The sequence size of 13 protein-coding genes was 11,256 bp. As shown in the mitogenome of Amur bitterling (Xu et al. 2015), all of the protein-coding genes were initiated by ATG, with the exceptions in COX1, and ND2, ND3, COX2, COX3 and CYTB had incomplete stop codons. Partial overlaps were found between four pairs of adjacent protein-coding genes, ATP8-ATP6, ND4L-ND4 and ND5-ND6 with 7, 1, 7 and 4 bp, respectively, as typically observed in cyprinid mitogenomes (Chen et al. 2013; Yin et al. 2015). Two rRNA genes were separated by a tRNAVal and the total length of rRNA region was 2642 bp. All 22 tRNA genes, ranging from 68 to 76 bp, were interspersed throughout mitochondrial genome and were predicted to form cloverleaf-like secondary structures in the analyses using DAMBE (Xia & Xie 2001).

Bayesian inference analyses (MrBayes 3.2; Ronquist et al. 2012) were performed based on the complete mitogenome sequences (Figure 1(A)) or 13 protein-coding genes (Figure 1(B)) obtained from 17 Acheilognathinae species. Three major genera of bitterlings, Rhodeus, Tanakia and Acheilognathus independently formed monophyletic groups in the tree reconstructed based on the whole genome sequences (Figure 1(A)), providing little evidence to support the previous claim (Xu et al. 2015). When protein-coding sequences were only considered, however, the genus Rhodeus was not recovered as a single monophyly, with several Rhodeus species including R. pseudosericeus clustering primarily with Tanakia species (Figure 1(B)). Our study showed a more complicated pattern of Acheilognathinae phylogenetic differentiation, indicating that the taxonomic reevaluation is still required in this subfamily.

Figure 1.

Bayesian inference tree of the subfamily Acheilognathinae reconstructed by MrBayes 3.2 using complete mitogenome sequences (A) or solely 13 protein-coding genes (B) obtained from 17 Acheilognathinae species.
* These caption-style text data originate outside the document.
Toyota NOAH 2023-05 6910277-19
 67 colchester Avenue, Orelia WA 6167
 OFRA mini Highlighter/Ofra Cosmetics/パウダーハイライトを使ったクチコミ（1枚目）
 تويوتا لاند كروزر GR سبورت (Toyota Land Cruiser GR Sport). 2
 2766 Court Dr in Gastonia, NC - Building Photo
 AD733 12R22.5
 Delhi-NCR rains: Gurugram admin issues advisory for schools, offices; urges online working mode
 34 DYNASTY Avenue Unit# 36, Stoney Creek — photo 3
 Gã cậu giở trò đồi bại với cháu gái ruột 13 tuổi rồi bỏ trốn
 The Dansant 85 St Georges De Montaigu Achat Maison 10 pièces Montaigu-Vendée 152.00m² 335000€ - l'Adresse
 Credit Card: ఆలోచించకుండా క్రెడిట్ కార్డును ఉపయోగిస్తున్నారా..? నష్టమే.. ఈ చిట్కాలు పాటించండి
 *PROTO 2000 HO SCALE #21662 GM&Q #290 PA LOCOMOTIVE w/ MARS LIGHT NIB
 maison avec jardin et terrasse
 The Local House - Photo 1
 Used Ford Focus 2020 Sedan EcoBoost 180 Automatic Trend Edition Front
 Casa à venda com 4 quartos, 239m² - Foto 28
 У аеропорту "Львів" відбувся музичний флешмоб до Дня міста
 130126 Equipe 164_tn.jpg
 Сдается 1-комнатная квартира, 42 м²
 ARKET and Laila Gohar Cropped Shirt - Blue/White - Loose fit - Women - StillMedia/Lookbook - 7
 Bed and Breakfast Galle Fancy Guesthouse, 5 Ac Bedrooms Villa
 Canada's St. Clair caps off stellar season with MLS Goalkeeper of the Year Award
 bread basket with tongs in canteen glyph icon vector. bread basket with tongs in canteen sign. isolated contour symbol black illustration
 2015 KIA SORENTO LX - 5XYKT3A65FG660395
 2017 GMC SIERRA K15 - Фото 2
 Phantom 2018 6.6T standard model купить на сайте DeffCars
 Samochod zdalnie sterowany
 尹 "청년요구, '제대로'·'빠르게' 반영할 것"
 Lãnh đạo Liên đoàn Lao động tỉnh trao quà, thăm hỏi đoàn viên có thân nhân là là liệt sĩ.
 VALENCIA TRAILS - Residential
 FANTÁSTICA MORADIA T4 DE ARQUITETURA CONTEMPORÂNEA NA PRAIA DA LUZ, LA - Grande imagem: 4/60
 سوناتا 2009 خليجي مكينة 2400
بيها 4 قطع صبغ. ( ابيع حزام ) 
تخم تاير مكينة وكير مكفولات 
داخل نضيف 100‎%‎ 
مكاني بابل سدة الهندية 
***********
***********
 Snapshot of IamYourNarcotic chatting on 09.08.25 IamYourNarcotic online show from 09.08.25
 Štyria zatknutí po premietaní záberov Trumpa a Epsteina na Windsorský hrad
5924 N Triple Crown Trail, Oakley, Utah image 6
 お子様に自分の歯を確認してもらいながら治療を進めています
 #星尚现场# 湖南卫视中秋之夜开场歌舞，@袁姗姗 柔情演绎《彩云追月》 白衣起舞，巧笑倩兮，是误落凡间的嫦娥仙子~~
Six cyprinids (Nipponocypris sieboldii, Zacco platypus, Danio rerio, Tinca tinca, Gobio gobio and Tanichthys albonubes) and a Gastromyzontidae species (Sewellia lineolata) were included in the analyses as outgroups. GTR + I + G was selected as the best-fit substitution model by jModeltest (Posada 2008). High posterior probabilities (>0.6) were symbolized on the node.